This week, my daughter Ashley (the chef, see her blog) made some peach and raspberry preserves. Sweating away in the kitchen over a steaming pot, made me remember summer kitchens of my childhood -- and a poem I had written a while ago about that experience.
Peaches for Ashley
Come back with me to twelve, my lovely one,
roll out of bed, knowing Dad is on his way back
from the Buffalo market, car and trunk loaded
with five bushels of ripe peaches. Knowing we
have missed the ride that started at 4 a.m. and the
egg salad sandwiches and Tang in the cooler.
But we will not miss the kitchen, still cool and clean.
We will not miss hearing Mom tell us to eat breakfast
quick and wash those jars. You’d count with me
till we got close to one hundred and wonder
how we would fill these all in one day. How we
would eat these all in one winter.
Then push
your hand into the cavity of the canning jar, swish
the soapy water, call it clean. Again and again. Watch
Mom rinse the jars with boiling water. Feel the heat.
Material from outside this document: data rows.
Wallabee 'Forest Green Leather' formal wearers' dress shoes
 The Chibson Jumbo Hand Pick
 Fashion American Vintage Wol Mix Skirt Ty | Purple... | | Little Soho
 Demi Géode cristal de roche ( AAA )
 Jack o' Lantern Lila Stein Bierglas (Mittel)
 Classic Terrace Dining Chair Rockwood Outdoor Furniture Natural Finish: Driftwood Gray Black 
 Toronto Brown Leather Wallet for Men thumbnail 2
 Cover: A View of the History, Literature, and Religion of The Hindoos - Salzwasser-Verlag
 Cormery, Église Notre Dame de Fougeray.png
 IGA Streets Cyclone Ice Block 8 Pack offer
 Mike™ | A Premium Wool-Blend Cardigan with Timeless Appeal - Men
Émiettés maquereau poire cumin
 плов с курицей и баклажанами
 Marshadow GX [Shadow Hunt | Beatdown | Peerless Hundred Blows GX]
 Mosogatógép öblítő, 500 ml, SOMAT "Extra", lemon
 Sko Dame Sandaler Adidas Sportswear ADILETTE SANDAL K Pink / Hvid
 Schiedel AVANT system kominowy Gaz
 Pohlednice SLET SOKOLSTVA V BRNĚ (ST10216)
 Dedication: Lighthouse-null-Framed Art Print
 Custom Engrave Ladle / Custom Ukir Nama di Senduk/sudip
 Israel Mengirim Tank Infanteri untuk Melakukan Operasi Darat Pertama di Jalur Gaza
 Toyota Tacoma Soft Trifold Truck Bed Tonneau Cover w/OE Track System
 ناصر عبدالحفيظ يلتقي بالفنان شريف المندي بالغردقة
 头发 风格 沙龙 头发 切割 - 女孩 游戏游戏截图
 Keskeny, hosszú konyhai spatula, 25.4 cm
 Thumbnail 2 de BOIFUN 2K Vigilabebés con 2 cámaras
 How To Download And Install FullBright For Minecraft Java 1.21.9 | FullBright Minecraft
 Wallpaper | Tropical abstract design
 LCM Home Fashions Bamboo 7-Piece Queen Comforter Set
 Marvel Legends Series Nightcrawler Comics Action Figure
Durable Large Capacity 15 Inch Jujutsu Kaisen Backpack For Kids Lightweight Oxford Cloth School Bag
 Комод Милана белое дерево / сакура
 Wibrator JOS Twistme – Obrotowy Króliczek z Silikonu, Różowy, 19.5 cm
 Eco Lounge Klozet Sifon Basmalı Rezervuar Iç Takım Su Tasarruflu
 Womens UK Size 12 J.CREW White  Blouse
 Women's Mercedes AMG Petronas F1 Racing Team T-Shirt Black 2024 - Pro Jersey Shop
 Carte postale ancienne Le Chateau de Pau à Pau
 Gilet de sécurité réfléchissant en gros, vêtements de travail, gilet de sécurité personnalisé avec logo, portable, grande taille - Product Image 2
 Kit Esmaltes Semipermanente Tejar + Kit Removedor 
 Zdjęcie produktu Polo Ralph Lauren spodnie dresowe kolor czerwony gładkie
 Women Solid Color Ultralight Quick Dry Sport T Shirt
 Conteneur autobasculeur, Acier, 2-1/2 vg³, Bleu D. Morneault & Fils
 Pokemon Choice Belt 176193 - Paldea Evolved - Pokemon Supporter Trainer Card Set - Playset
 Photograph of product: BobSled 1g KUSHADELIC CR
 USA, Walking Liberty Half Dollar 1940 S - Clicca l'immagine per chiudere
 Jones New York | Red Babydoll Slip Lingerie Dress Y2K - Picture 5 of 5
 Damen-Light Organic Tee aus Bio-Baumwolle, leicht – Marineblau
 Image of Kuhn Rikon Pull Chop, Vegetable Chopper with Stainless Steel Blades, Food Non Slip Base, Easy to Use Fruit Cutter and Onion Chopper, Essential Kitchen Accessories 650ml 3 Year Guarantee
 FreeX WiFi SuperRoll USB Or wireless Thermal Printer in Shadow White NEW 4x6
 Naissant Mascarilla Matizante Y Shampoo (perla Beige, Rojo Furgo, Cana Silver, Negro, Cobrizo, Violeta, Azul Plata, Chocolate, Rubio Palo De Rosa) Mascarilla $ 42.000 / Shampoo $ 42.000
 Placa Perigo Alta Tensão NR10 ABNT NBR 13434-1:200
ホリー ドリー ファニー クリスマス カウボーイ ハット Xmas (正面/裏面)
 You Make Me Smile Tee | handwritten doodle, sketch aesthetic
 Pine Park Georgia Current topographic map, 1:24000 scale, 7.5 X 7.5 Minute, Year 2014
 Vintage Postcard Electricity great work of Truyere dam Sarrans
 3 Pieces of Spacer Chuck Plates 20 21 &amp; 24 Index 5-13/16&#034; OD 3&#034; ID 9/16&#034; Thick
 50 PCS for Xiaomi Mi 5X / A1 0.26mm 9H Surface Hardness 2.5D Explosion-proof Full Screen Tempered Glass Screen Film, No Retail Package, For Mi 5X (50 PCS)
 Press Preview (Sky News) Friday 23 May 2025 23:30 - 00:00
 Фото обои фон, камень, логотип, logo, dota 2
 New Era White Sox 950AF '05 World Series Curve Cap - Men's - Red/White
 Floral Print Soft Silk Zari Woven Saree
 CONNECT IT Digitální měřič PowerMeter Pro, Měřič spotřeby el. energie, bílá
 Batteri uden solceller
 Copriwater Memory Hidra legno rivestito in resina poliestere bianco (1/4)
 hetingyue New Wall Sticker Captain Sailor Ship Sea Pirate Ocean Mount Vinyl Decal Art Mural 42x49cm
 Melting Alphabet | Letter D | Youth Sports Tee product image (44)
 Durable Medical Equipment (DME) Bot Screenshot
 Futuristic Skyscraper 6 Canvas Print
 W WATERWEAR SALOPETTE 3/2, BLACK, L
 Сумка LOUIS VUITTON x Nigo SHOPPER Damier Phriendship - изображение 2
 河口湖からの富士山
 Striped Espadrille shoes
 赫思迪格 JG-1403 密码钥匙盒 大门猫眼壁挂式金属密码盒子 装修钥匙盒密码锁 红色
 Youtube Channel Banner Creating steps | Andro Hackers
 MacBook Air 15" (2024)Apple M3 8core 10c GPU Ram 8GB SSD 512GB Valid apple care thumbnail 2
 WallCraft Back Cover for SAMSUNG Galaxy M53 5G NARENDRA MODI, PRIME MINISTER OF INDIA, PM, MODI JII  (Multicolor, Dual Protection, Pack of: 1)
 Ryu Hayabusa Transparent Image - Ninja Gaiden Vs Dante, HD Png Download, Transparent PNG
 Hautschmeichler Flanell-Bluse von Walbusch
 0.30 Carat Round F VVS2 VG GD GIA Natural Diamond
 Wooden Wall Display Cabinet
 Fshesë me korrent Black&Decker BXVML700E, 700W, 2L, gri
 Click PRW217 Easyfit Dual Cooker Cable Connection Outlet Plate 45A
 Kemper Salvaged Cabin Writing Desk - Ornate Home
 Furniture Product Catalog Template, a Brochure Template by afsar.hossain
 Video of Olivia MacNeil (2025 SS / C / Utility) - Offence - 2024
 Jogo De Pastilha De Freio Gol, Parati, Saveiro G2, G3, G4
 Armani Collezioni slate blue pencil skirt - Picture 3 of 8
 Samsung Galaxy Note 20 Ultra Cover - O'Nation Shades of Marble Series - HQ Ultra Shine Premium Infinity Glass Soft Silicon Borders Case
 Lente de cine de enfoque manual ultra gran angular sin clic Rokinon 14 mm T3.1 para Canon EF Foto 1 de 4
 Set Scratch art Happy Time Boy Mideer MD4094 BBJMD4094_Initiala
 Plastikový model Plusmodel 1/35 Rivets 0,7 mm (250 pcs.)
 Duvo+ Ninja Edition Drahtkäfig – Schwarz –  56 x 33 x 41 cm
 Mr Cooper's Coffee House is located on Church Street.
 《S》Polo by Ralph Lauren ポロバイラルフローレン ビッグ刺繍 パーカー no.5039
Feel the heat that will get sticky and sweet with peaches.
If you were there then you would know, Ashley,
how it would go, and you would ache to do the next
job—I know it seems silly to you, that I’d want to do
more than just measure the cup of sugar, slide it
smoothly to the bottom of each jar. Maybe you’d
understand my private glee at my brother’s absence
when I got to layer peach halves in the jars,
nesting one orange semiglobe on top of another.
I’d let you pour the water into the filled jars, and
then I’d screw on the canning ring and lid.
But here are the peaches. Here is the pot of boiling water.
Here the colander to dip the peaches, scald them half
a minute. Then paring knife them naked, dig out their pits.
Those are jobs for Mom and Dad, my fingers much too
tender for such hot work. I can only watch
and fill my jars, and sneak a peach or two from the bowl
of imperfects next to mother’s station. These we
will savor at night on shortcake with whipped cream.
But now, even without sugar, they are honey, they
are nectar. And the steam of boiling pots of water
tears down the side of my face. I mop my cheeks, sticky hands,
and my sweat is sweet and salty. As yours would be.
Later we two would carry the jars that have been submerged
in a boiling bath of water, these cooled and orange filled
jars, to the basement and shelve them. We would know
we had stored sun for dark winter suppers, desserts of peach
cobbler, peach shortcake, peaches in a bowl. And we would
remember hot July, sweet sweaty canning days,
stomachs bloated with too many peach pieces.